The pace of business demands that organizations be nimble enough to improve business operations on the go. Some equate this with a need for rapid change, quickly implemented. Six Sigma, for instance, does change businesses, but it's a gradual process. It systematically identifies and eliminates defects from business processes, creating stability and better control of processes by quantifying customer-defined defect levels. It has certainly worked well for NCR Corporation and could fit your business model as well.

Six Sigma is a disciplined change management process that uses data to analyze and measure how far a given process deviates from 3.4 failures in one million attempts. The central idea is to measure the defects in a process, and to systemically eliminate them.

A process attains Six Sigma by quantifiably demonstrating a sustained defect rate of 3.4 defects per 1 million opportunities--or a 99.9997% defect free environment. Anything less than that is ranked on a scale between 0 and 6. Some processes, like airline safety or drug testing, actually operate at a higher level than Six Sigma. It's all about measuring the cost of the defects versus the benefit derived from their elimination.

As a philosophy, Six Sigma seeks to first understand the voice of the customer by determining quantifiable limits for the specified output from them. Armed with this information the defects in the process are measured, and a strategic direction for the process improvement in chosen.

The Six Sigma process improvement approach is structured to systematically deconstruct complex problems. Starting with broad strokes, the problem is defined and granularity is added with available data.

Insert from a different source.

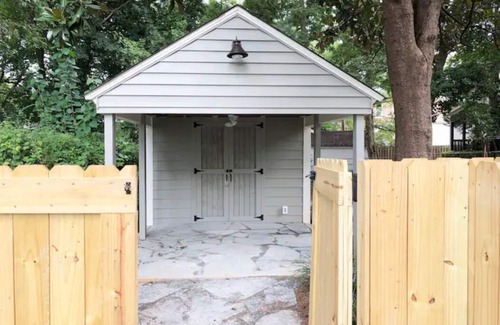 Historic Oakwood Apartment | Best Tiny House In Town!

Services are an essential component of NCR's business, and NCR's Worldwide Customer Services division is a leader in information technology services. The company provides support and management services for ATMs for banks, point-of-sale terminals for retailers, and data warehouses for many industries. Six Sigma was used by the company to improve its service call resolution process. This is how the company did it.

Step 1 - Define the Project

It's important to understand what end result the client wants to see as early as possible, to keep the team focused on that goal. This is done by gathering the customers' needs in a quantifiable way. Once this is done, specification limits known as Key Quality. Characteristics (KQCs) are developed. These KQCs are later used to measure the performance of the process under review. The objective is to ensure the team, and the team sponsor or executive leader, all have a clearly defined problem, and understand what the solution will improve for the customer.

For instance, NCR's Worldwide Customer Services organization wanted to reduce the number of calls that miss their customer contracted resolution times. By reviewing the work orders that failed to meet customer expectations (in resolution hours), NCR planned to identify processes that perform poorly and lead to poor customer satisfaction.

The ultimate goal was to reduce the number and severity of "extended out-age calls" by identifying the failures in the service delivery process. Prioritizing the areas of process failure will impact the financial and service levels of the company.

Step 2 - Describe the current situation

For any Six Sigma team, describing the current situation means gathering a lot of data. The team must clearly define and quantify how well their organization's current process works.

Two common pitfalls in this process are:

1) Paralysis by analysis -This occurs when the emphasis is on gathering data rather than actually defining the problem. Massive amounts of data are gathered and analyzed until a clear idea of all the problems in the company are developed--except perhaps the original problem.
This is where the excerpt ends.